Hello,
the exact explanation for the Allow/Deny ordering is:
Order: The order that the server follows to check if access is granted to a
client based on its IP address. If it is set to Allow/Deny, access is denied by
default and is allowed only if the IP address is in the Allow for list and is
not in the Deny for list. If it is set to Deny/Allow, access is allowed by
default and is denied only if the IP address is in the Deny for list and is not
in the Allow for list.
So what you want is to allow /cgi-bin but not to a protected directory inside of it.
Then you will need to use Deny/Allow.
That means you can access anything within /cgi-bin unless it's in the Deny list.
This way you put /cgi-bin in Allow and /cgi-bin/protect in Deny.
However your CGI PowerBasic code looks risky to me.
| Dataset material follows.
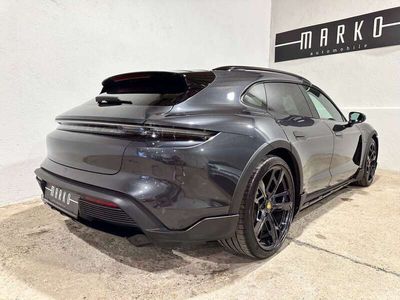 gebraucht Porsche Taycan 4 "21zoll, Pano, Matrix, uvm."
You use a literal arbitrary string that gets executed as a command against your database.
This could enable malicious links with intentionally malformed queries to corrupt your DB.
You want to let users download a specific recordset, so you you should 'shim' a new API and hide the SQL queries behind it:
Hardcode a list of keywords in a conditional table such as a Select statement.
Then if the keyword is like:
https
://your-website/cgi-bin/get-records-set.exe?id=parts
Then you manually yourself run the appropriate query statement against your database.
This way you don't give any chance for attackers to give trick query strings to your server.
So I mean that you need not to execute anything the visitor gives you even if authenticated.
For downloading big files, you might want to create a restricted directory then implement X-Sendfile.
Basically you create a restricted folder to put downloadable files inside, and you deny remote access to it.
When authorized users want to download, in your CGI program you will be able to simply return the X-Sendfile header with the literal real path to the requested file.
Then Abyss itself will terminate the CGI script and start returning the file to the visitor.
You can do any checks you want first, then start returning X-Sendfile heades only when authorized.
Abyss only takes over the CGI session when it intercepts this header while X-Sendfile support is enabled.
For big files, it's worth thinking about it I think.